To understand the value of sports programming, consider the ongoing discord between Scripps and Cablevision. Scripps’s networks, despite an incredibly loyal audience, were off Cablevision’s lineup for almost a month, with the service provider refusing to increase the 25¢ fee it paid for the tandem of Food Network and HGTV (versus the $3-plus it surely hands over for ESPN). Cablevision has been able to dig in as it would not be able to do with a network that had the option of keeping live sports off the air.
Still, a classic chicken-and-egg scenario is manifesting itself in broadcast television’s acquisition of sports-programming rights. Broadcasters need sports programming to demand higher carriage fees, but, at the same time, they need higher carriage fees to be able to outbid their cable rivals for the content. Traditional broadcasters, which derive the vast majority of their revenue from advertising, are rapidly falling behind ESPN and other cable entities.
Most notably, this past year, ESPN outbid Fox by $100 million for the rights to carry college football’s Bowl Championship Series for the 2011-14 period.

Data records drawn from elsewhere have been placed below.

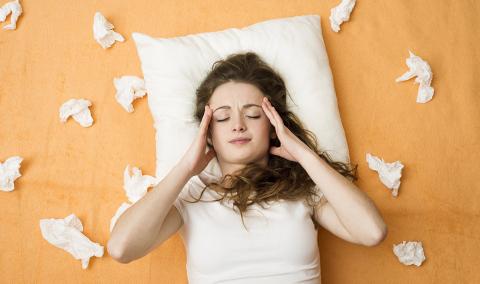 woman with cold surrounded by tissues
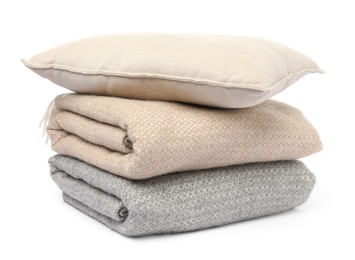 Photo of Folded woolen blankets and pillow isolated on white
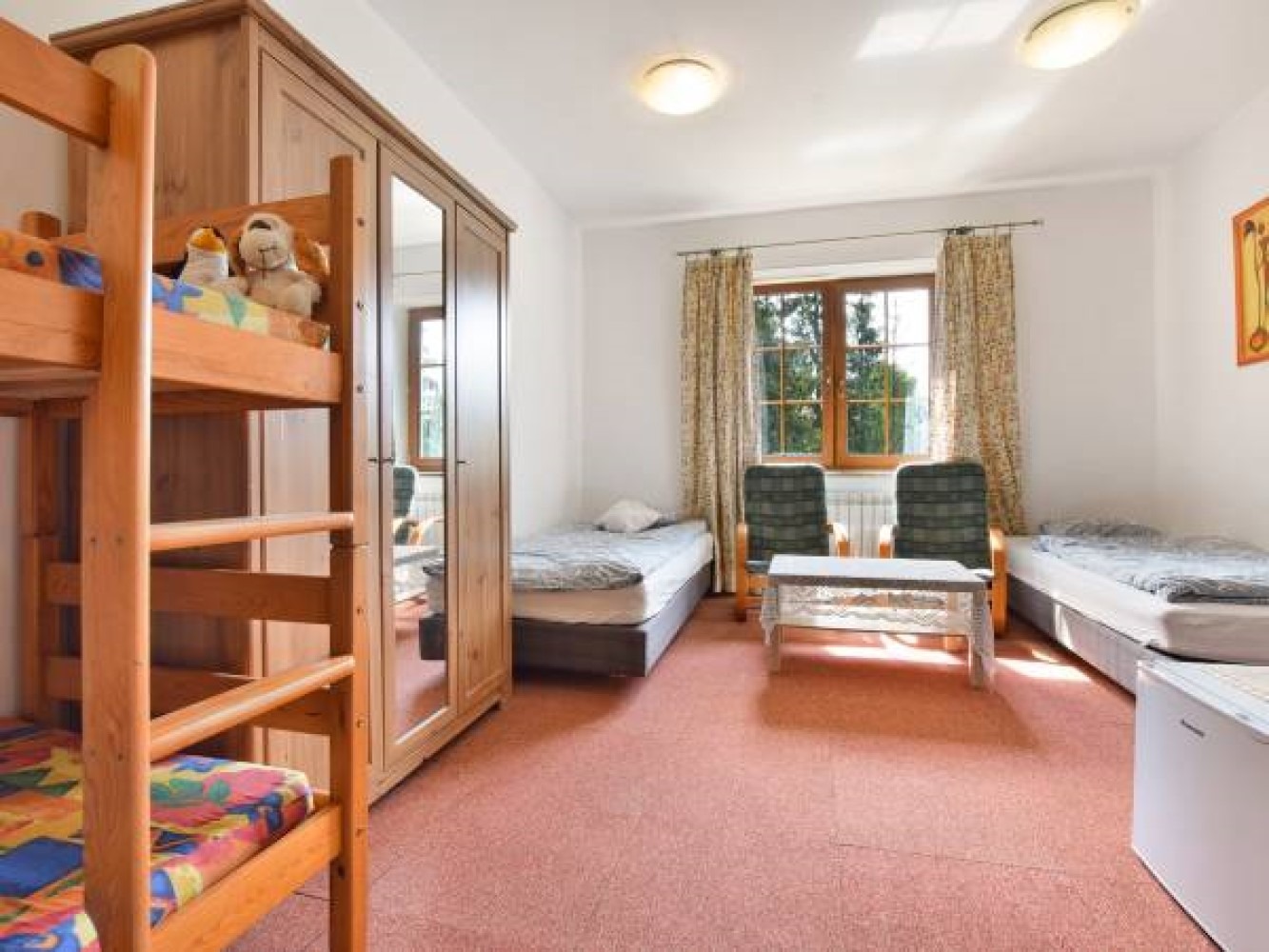 Pokój z łóżkiem piętrowym z pluszakami na górze, szafą z lustrem, dwoma pojedynczymi łóżkami, stolikiem i dwoma krzesłami przy oknie z zasłonami.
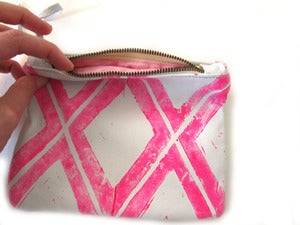 Image of Small neon pink Xs hand-printed leather pouch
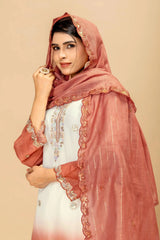 Woman wearing a white outfit with a pink embroidered dupatta against a beige background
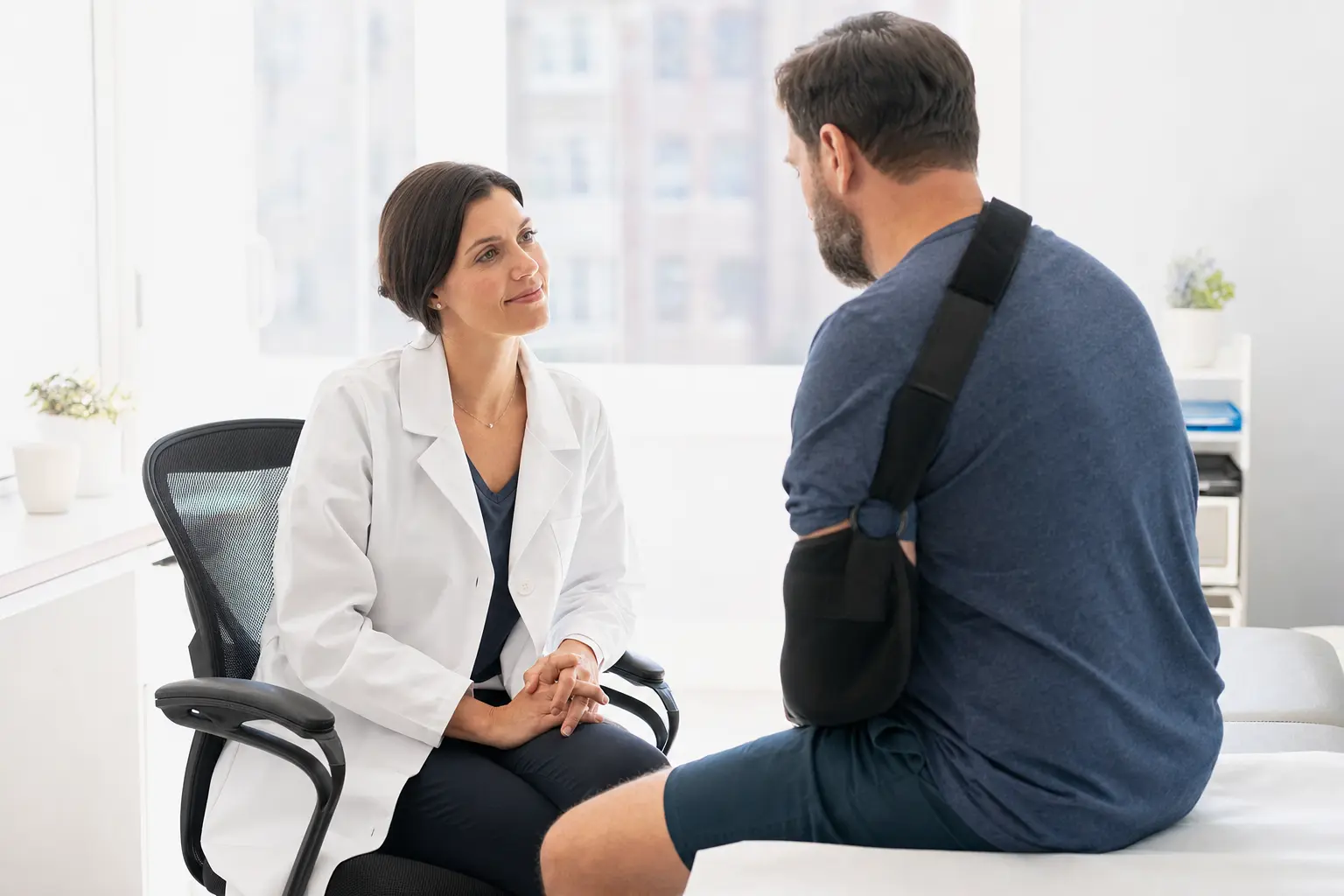 A Revita Motion physician listening to an injured patient during a consultation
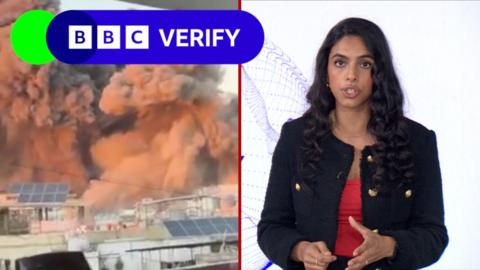 ˿ reporter Merlyn Thomas in front of footage of bombed buildings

The sports network was able to do this because of the extraordinary revenue it collects through carriage fees, estimated by SNL Kagan to average $3.65 a month per subscriber. ESPN acknowledged that the bid was based on calculations looking beyond potential ad revenue.
As traditional broadcasters turn more and more to carriage fees as a revenue source, they must do the same. ESPN, like Turner and other cable networks, is already using the advantage of its higher carriage-fee revenues to acquire sports content. Both the NBA and MLB have moved post-season games (though not the Finals or World Series) to Turner Networks, and ESPN has voiced its desire to acquire Olympic rights for 2014 and 2016.

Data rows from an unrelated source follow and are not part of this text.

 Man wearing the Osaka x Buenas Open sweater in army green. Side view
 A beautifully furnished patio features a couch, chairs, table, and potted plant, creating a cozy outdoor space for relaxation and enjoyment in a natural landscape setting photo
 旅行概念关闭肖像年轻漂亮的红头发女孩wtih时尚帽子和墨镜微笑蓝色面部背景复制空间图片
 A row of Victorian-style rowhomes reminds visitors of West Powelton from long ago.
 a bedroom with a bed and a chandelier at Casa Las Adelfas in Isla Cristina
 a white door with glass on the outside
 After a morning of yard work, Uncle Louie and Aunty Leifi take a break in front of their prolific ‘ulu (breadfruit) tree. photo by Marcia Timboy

With NBC having already announced that it expects to lose $250 million on the upcoming Winter Olympics because of lower than expected ad sales, traditional broadcasters are at a crossroads. At a time when sports leagues and organizations are increasingly comfortable with moving their content to cable, broadcasters must decide whether they are willing to spend more on sports rights than they can hope to recoup with ad revenues alone.
Perhaps one solution for broadcasters is to team up with cable networks in the acquisition of sports rights. Disney has long taken advantage of its tandem of ESPN and ABC, using the cable network to justify the costs of rights while using the broadcaster to provide a broader distribution platform. The proposed joint bid between CBS and TBS for the rights to the NCAA Basketball Tournament and possibly to the Olympics follows this pattern. Their compact, though, seems to be solely for the purpose of spreading the costs: under it, the finals will alternate between CBS and TBS, meaning that CBS will not be used for broader distribution.
Regardless, with carriage fees established as a valid and growing source of revenue, it is clear that broadcasters should look past ad sales as a justification for sports-rights procurement. They must continue to make strong investments in sports programming, aiming to make up any deficiencies in ad sales through increased carriage fees in the future. Otherwise, they risk losing sports programming to cable — and, with it, the foothold they have barely established in terms of demanding carriage fees.